Through June 9, Benintendi was hitting .204 in 20 games with four doubles, one triple and no home runs.

Since then Benintendi is batting .353 in 28 games, with nine doubles, two triples and seven home runs.

“Just getting to know the league a little bit,” Sea Dogs hitting coach Jon Nunnally said. “He’s a pretty smart kid.

“He can use the whole field well. He’s starting to use the middle of the field and left- center more. Everyone knows he can pull a baseball like no other.”

According to the spray charts on mlbfarm.com, Benintendi hits singles to all fields, with his power – home runs and triples – mostly coming in right and right-center.

Benintendi could run forever on the bases with a line drive into Fenway Park’s right-field corner. Will he get a chance this year?

“It’s obviously the goal,” Benintendi said. “It’s always been in the back of my head to get there someday … Whether it’s this year or whenever, it’s still going to be my goal.”

While Benintendi has only played center, Febles said it wouldn’t take long for him to adjust to a corner spot, like left field – since Jackie Bradley Jr. is in center field.

But does Boston need another left-handed hitting outfielder? Brock Holt just came back from the disabled list and the Red Sox expect Blake Swihart to return from his severely sprained ankle. Not sure where Benintendi would fit in. That may depend on Swihart’s recovery.

While Benintendi has only played center, Moncada has only played second base, a position held by Dustin Pedroia in Boston.

Moncada eventually will have to switch positions – third base makes sense – but Boston is in no rush.

“He still has to work on his overall game, to be honest with you,” Febles said. “He’s a guy who is going to hit. Defensively, he needs some things cleaned up, even though he is such a great athlete.

“On the bases he gets good jumps. But he has to continue to work on them because the higher he goes (opposing teams are) going to pay more attention to the running game.

“He’s only 21 years old and he has a lot to improve.”

In other words, Moncada can sometimes dominate in the minors but because there are areas to be improved, he will be exposed at higher levels.

One of those areas is his right-handed hitting. The switch-hitting Moncada is batting .324/1.010 OPS in 17 games, but only .100/.282 right-handed with one hit and seven strikeouts in 11 plate appearances.

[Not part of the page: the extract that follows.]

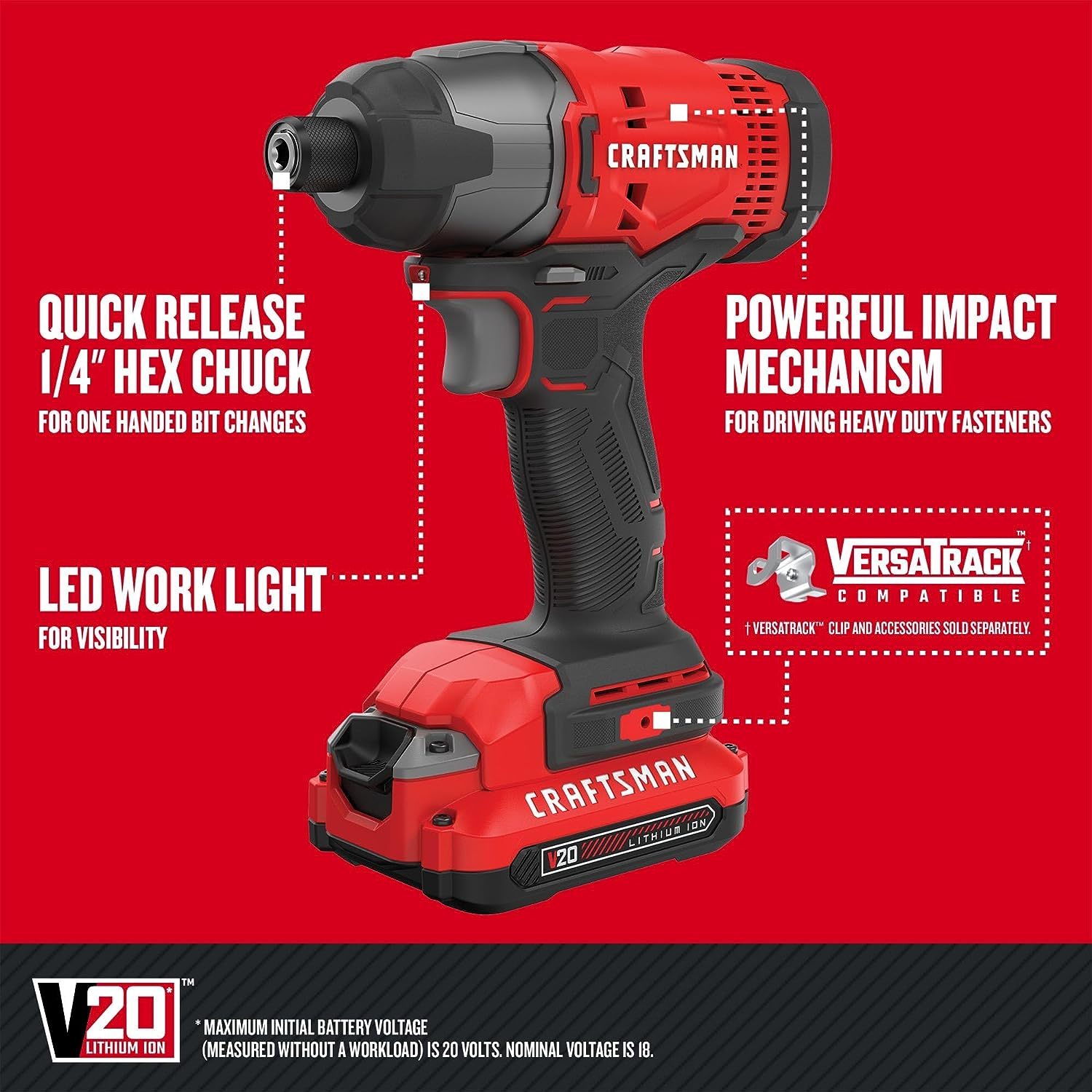 CRAFTSMAN Kit de Herramientas 20V Inalambricas con Taladro Atornillador y Atornilladro de Impacto con 2 Baterías CMCK200C2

One of the problems is facing more left-handers to get experience.

“You’ve just got to give him reps,” Nunnally said. “Hopefully he gets enough games (against lefties).”

Moncada said he isn’t thinking about the majors, even though he’s in Double-A.

“Not really,” Moncada said through an interpreter. “Even though we have two more steps (to the majors), I just trust the process – and this is a process.”

When will that process lead to Fenway? Maybe Benintendi gets a call-up this year and a chance to compete for the starting left-field job next season. Maybe Moncada gets a call-up later in 2017.

Both of their arrivals will be highly anticipated.

As Dombrowski said, “we have young kids coming.”